Please return all of the records that follow, exactly as written.

Material to process: Begin

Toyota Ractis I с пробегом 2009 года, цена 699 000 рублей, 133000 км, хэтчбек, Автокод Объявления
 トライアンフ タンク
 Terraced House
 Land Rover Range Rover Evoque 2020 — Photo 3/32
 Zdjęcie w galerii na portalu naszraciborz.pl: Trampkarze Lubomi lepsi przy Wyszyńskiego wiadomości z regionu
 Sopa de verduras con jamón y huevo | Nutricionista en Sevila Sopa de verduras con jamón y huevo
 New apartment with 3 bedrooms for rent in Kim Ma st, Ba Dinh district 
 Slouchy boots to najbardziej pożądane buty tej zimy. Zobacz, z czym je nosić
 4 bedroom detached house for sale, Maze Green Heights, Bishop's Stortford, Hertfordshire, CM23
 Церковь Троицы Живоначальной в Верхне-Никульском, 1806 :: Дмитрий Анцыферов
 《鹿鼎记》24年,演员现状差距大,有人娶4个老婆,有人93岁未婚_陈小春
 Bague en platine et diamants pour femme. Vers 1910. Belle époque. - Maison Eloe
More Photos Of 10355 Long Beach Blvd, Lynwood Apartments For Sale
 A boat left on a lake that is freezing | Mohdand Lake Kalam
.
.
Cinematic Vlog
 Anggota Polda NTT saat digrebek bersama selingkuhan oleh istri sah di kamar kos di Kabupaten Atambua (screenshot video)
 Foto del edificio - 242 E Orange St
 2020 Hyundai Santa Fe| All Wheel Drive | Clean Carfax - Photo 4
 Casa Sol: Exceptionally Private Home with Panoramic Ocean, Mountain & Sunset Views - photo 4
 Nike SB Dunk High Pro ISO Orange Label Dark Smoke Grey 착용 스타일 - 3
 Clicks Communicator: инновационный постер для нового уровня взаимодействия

Material to process: End

• [Solution below]:
Toyota Ractis I с пробегом 2009 года, цена 699 000 рублей, 133000 км, хэтчбек, Автокод Объявления
 トライアンフ タンク
 Terraced House
 Land Rover Range Rover Evoque 2020 — Photo 3/32
 Zdjęcie w galerii na portalu naszraciborz.pl: Trampkarze Lubomi lepsi przy Wyszyńskiego wiadomości z regionu
 Sopa de verduras con jamón y huevo | Nutricionista en Sevila Sopa de verduras con jamón y huevo
 New apartment with 3 bedrooms for rent in Kim Ma st, Ba Dinh district 
 Slouchy boots to najbardziej pożądane buty tej zimy. Zobacz, z czym je nosić
 4 bedroom detached house for sale, Maze Green Heights, Bishop's Stortford, Hertfordshire, CM23
 Церковь Троицы Живоначальной в Верхне-Никульском, 1806 :: Дмитрий Анцыферов
 《鹿鼎记》24年,演员现状差距大,有人娶4个老婆,有人93岁未婚_陈小春
 Bague en platine et diamants pour femme. Vers 1910. Belle époque. - Maison Eloe
More Photos Of 10355 Long Beach Blvd, Lynwood Apartments For Sale
 A boat left on a lake that is freezing | Mohdand Lake Kalam
.
.
Cinematic Vlog
 Anggota Polda NTT saat digrebek bersama selingkuhan oleh istri sah di kamar kos di Kabupaten Atambua (screenshot video)
 Foto del edificio - 242 E Orange St
 2020 Hyundai Santa Fe| All Wheel Drive | Clean Carfax - Photo 4
 Casa Sol: Exceptionally Private Home with Panoramic Ocean, Mountain & Sunset Views - photo 4
 Nike SB Dunk High Pro ISO Orange Label Dark Smoke Grey 착용 스타일 - 3
 Clicks Communicator: инновационный постер для нового уровня взаимодействия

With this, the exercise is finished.